Bringt der Koalitionsvertrag die Klimafinanzierung voran?

Bringt der Koalitionsvertrag die Klimafinanzierung voran?

Beim Klimaschutz in Deutschland gibt der Koalitionsvertrag gründlich Anlass zur Kritik. Wie aber steht es bei der Klimafinanzierung, also der finanziellen Unterstützung für die ärmeren Länder bei der Bewältigung des Klimawandels? Ein kurzer Blick in die 179 Seiten.

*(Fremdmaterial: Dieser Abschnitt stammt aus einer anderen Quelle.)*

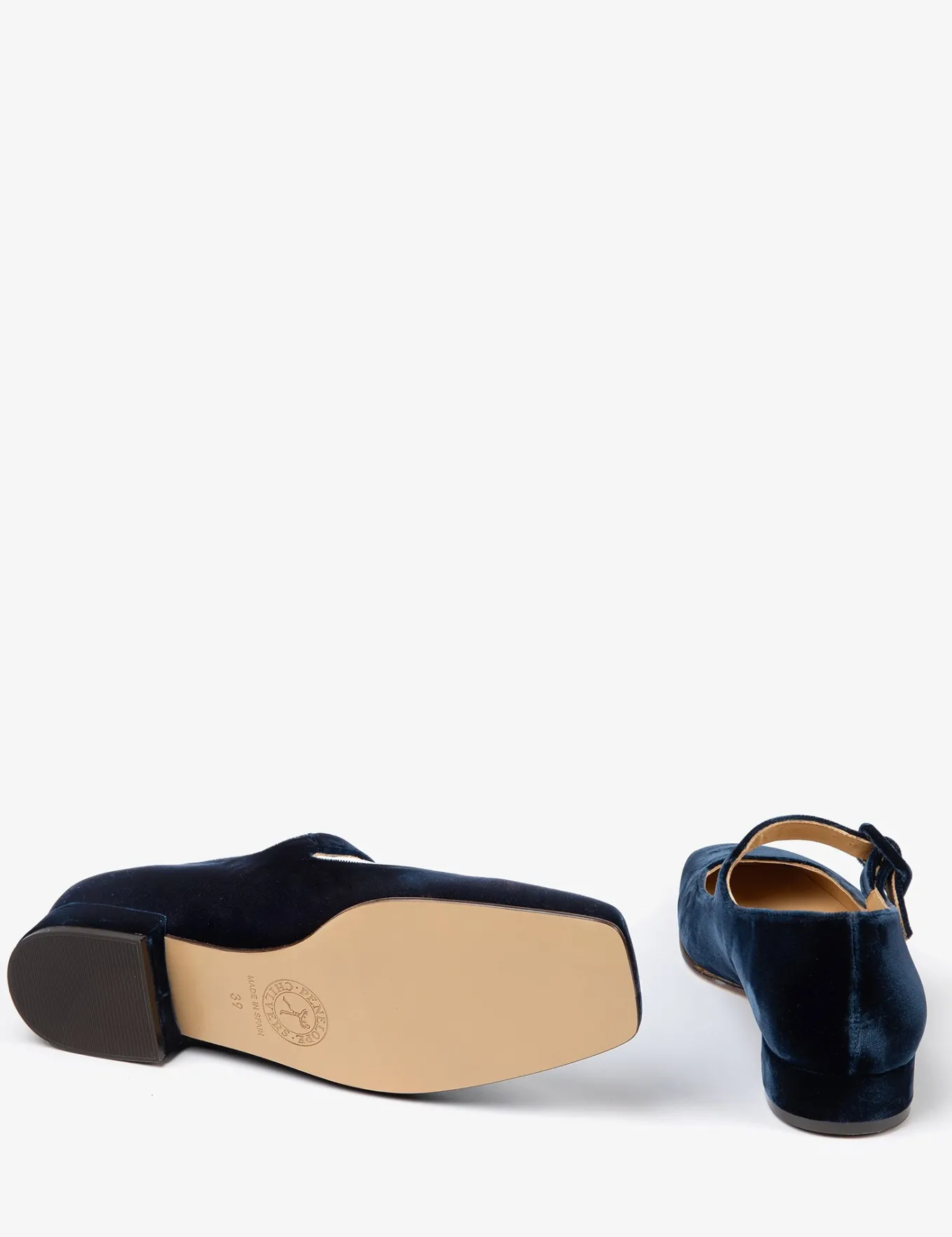 Penelope Chilvers Low Mary Jane Velvet Shoe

Das Klimaschutzziel für 2020 de facto aufgegeben, keinen verbindlicher Kohleausstieg verankert, den Politikwechsel in den Sektoren Verkehr und Ladwirtschaft verschlafen, und auch die langfristige Klimapolitik soll nicht an das Pariser Abkommen angepasst werden: Beim Thema Klimaschutz gibt der Koalitionsvertrag gründlich Anlass zur Kritik, trotz auch zu begrüßender Schritte wie das geplante Klimaschutzgesetz oder der stärkere Ausbau der erneuerbaren Energien. Wie aber steht es bei der Klimafinanzierung, also der finanziellen Unterstützung für die ärmeren Länder bei der Bewältigung des Klimawandels?

Steigt jetzt die Klimafinanzierung an?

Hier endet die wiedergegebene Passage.